Lady Erskine sits intae her bower
A-sowing a silken seam
A bonny shirt for Child Owlet
As he goes out and in
His face was fair, long was his hair
She's called him to come near
“Oh, you must cuckold Lord Ronald
For all his lands and gear.”
"Where the Wild Roses Grow" Nick Cave & the Bad Seeds, from an album of nothing but Murder Ballads:
On the third day he took me to the river
He showed me the roses and we kissed
And the last thing I heard was a muttered word
As he stood smiling above me with a rock in his fist
As Theokie noted, leaving "Long Black Veil" off the list is quite an oversight. Not written by Lefty Frizell but written by Danny Dill and Marijohn Wilkin in 1959 and first recorded by Frizell. Has become a sort of Americana standard tho with many rock, country, folk groups covering it.
Best performance imo is The Band's. Love Danko's vocal
http://www.youtube.com/watch?v=dMbVXYQpJV8
Posted by: bokhara | May 14, 2009 at 02:17 PM
In 1996, the National Writers Union used this song I recorded as evidence in a move to expel me. They said I "advocate the murder of women." So much for the NWU's protection of writers and the First Amendment:
THE ROOM ACROSS THE LAKE
Sister Carrie was a con.
Her writ of execution was a foregone conclusion
When they caught her on the take and didn't tell her.
They sent me to the room across the lake to kill her.
Sister Carrie's new career
Was based on exploitation of her old fear of strong men
Who could see she was a fake and didn't tell her.
They sent me to the room across the lake to kill her.
Se casó con un mojado,
Dos veces ya casado, con ambición de poder.
El maton era su espejo,
Realmente un pendejo con atroz pasión por joder.
Sister Carrie's in my sights.
I see her through the window walking naked down the hall,
Leaving white men in her wake who'll never tell her
They sent me to the room across the lake to kill her.
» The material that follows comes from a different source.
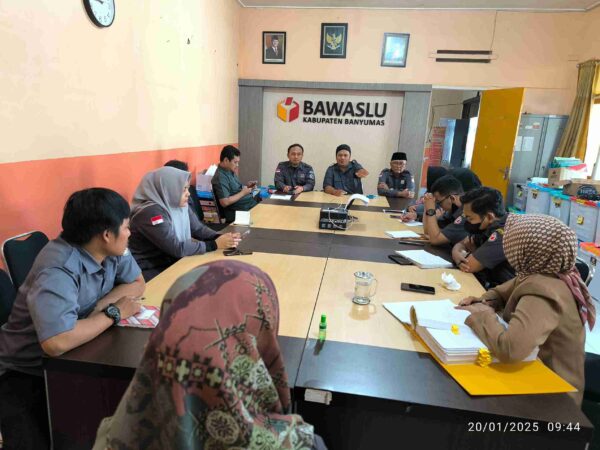 Ketua Bawaslu Banyumas Serukan Peningkatan Kinerja Dan Disiplin Di Lingkungan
Sister Carrie's by the phone.
I think I'll ring her home and ask her what it's like to die
With all those deals to make, but I won't tell her
They sent me to the room across the lake to kill her.
Se casó con un mojado,
Dos veces ya casado, con ambición de poder.
El maton era su espejo,
Realmente un pendejo con atroz pasión por joder.
Copyright 2009 NADJA MUSIC Reinaldo García
Lyrics: August 18, 1994 Lake San Marcos, CA
Music: August 18-21, 1994 Lake San Marcos-Monterey, CA
Posted by: Reinaldo Garcia | May 14, 2009 at 11:50 AM
'The long black veil' by Lefty Frizzell: 'Folsom Prison Blues' by Johnny Cash: 'She wore red dresses' by Dwight Yoakam: 'Cold hard facts of life' by Porter Wagoner: 'Miller's Cave' by Bobby Bare: Lots of Country songs have murder in mind.....
Posted by: Theokie | May 13, 2009 at 03:11 PM
RW - The Cruel Mother, another bloody Childe Ballad and one I thought of as well!
TO-EU - Well, a top ten list is by its very definition limited, and a reflection of personal taste and experience. Sorry this is valueless to you. Let's see what your's looks like!
Posted by: Greenman Tim | May 13, 2009 at 02:47 PM
"Hey Joe" makes the list, but "The Lonesome Death of Hattie Carroll" doesn't?
That, alone, renders this list valueless.
Posted by: The One-Eyed Undertaker | May 13, 2009 at 12:00 PM
Ian and Sylvia's version of Down by the Greenwood Side-o, a.k.a. The Cruel Mother is a chilling story of infanticide.
Posted by: Richard Wells | May 13, 2009 at 11:21 AM
i think powderfinger's a murder ballad too(?), always liked that one on live rust.